Resurrection and the Surviving God

Resurrection and the Surviving God October 9, 2013

Content Note: brief description of a suicide attempt 

This past year, around Easter, I planned on writing some posts about crucifixion and resurrection. I found I couldn’t really get past the former. I mean, I’m a skeptic on the idea of the literal resurrection of Jesus to begin with, but I found I couldn’t even envision a risen God. A victorious living God.

A suffering God? A dying God? An oppressed God? Yeah, I could see that. I could see that clearly. In fact, writing about the crucifixion and beginning to see God With Us in suffering and oppression and resistance helped me fall in love with God. It helped me replace the fear and confusion that had once come up when I thought of God with a sense of nearness and comfort. I could see God in myself.

But I couldn’t (and still can’t, really) reconcile the idea of the resurrected Jesus with my experience in life.

I’ve heard such beautiful and hopeful language about the resurrection ushering in a renewed world of love and justice, but I look around and I can’t always find it. At the time, I was severely depressed, which made everything seem bleaker than it really is. But even now (still struggling with depression but it’s less severe), I wonder, if Jesus died to usher in a renewed world, well, where is it?

The resurrection is supposed to be this big, important, world-changing thing, but what did it actually do?

It was like Jesus went through all that suffering, and all the trouble of coming back to life anyway and nothing got better and nothing changed. The sick are still sick, the captive are still captive, the oppressed are still oppressed. All that’s different is that we have a bunch of people running around the world telling everyone that “Jesus is alive?”

So what?

Simply put, the resurrection seemed pointless to me.  Like nothing more than a fun trick.

I think I’m grasping at an idea of resurrection that I can relate to, though. I’m still figuring it out, even as I write this–in the process of writing I changed my mind about all the conclusions I planned to come to. But here we go anyway:

Maybe resurrection isn’t a declaration of ultimate victory over evil. Maybe resurrection is about survivors, not triumphant kings. 

I’ve embraced the narrative of crucifixion as God With Us in suffering. Maybe I’m ready to embrace the narrative of resurrection as God With Us in surviving.

I attempted suicide almost exactly two years ago. I don’t know if I should have died or came close to actually dying. But I remember lying on my bathroom floor, sicker than I’ve ever been, with vomit in my hair and thinking, It is finished. 

I think God was there. The suffering God that I later fell in love with.

I don’t remember how long I was on that cold floor. It wasn’t three days, but it felt like it. Maybe it was three hours.
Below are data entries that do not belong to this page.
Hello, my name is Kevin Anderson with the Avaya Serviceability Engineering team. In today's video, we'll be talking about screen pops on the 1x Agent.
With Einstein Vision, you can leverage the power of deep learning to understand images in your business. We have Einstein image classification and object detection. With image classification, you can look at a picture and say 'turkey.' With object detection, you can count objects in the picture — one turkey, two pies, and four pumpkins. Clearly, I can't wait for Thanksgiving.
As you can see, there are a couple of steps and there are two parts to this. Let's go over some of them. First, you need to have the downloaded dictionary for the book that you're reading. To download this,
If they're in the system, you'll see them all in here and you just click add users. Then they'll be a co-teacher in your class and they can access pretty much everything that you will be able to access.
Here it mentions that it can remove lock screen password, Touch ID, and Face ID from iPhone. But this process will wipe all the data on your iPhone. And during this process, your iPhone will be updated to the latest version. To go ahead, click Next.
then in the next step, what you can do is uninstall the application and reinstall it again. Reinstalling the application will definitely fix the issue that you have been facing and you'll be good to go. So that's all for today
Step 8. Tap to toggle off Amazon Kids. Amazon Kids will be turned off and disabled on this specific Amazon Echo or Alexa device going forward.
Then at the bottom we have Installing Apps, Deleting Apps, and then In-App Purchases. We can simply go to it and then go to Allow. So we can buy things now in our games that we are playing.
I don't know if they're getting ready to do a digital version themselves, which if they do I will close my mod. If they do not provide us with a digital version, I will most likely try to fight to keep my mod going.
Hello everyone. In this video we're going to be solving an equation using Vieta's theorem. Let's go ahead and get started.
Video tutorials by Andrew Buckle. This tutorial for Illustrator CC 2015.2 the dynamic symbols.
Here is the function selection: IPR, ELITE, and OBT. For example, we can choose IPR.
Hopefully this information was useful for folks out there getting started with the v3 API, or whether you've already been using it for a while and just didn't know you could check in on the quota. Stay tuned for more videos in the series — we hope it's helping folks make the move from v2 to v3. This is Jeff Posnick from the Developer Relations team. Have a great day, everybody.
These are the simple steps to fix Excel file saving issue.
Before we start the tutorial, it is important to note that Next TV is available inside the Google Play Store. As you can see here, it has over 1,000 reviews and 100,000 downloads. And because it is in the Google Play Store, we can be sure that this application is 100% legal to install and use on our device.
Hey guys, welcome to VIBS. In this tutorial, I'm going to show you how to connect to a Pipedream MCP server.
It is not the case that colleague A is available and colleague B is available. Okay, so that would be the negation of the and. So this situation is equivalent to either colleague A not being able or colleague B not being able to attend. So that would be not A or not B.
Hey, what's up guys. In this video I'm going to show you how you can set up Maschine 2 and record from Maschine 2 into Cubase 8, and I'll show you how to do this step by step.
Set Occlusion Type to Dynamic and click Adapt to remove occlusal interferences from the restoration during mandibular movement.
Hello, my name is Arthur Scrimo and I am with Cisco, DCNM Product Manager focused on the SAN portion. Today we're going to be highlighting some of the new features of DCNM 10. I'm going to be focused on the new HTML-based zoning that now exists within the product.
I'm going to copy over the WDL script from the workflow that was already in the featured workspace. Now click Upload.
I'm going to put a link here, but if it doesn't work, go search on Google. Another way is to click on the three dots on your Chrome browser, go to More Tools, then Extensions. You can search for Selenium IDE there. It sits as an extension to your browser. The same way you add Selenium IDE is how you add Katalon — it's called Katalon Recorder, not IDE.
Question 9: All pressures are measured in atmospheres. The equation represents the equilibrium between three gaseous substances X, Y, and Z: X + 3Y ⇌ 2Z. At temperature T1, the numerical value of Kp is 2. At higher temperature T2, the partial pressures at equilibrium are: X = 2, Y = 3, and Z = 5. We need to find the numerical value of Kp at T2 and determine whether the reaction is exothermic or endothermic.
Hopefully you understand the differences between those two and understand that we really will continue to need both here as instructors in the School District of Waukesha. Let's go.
I don’t know if I actually came close to dying or just felt like I was dying.

But I do know that I didn’t stay there. Eventually, I got up.

I rose again.

I rose again, knowing things weren’t going to get better just because I got up. I rose again, knowing friends and family were going to see me as weak and a failure because of this. It wasn’t victorious or triumphant. It was shaky and quiet and scary and lonely. 

I wonder if Jesus’ resurrection was the same way. 

I didn’t single-handedly defeat depression and the pain from my past when I rose off that floor. I didn’t defeat the powers of evil or anything exciting like that.

But I survived.

Maybe the key to reconciling the resurrection with my experience is not in Christus Victor but in Christ, Survivor. 

If God understands the pain of suffering, maybe she also understands the struggle of surviving after suffering. Maybe God understands how hard it is to rise up off cold bathroom floors, wipe vomit off your face, and decide you’re going to keep living for now, even though the world hasn’t changed much.

Today, I’m going to embrace the idea of resurrection as this: Fellow survivors, God is with us.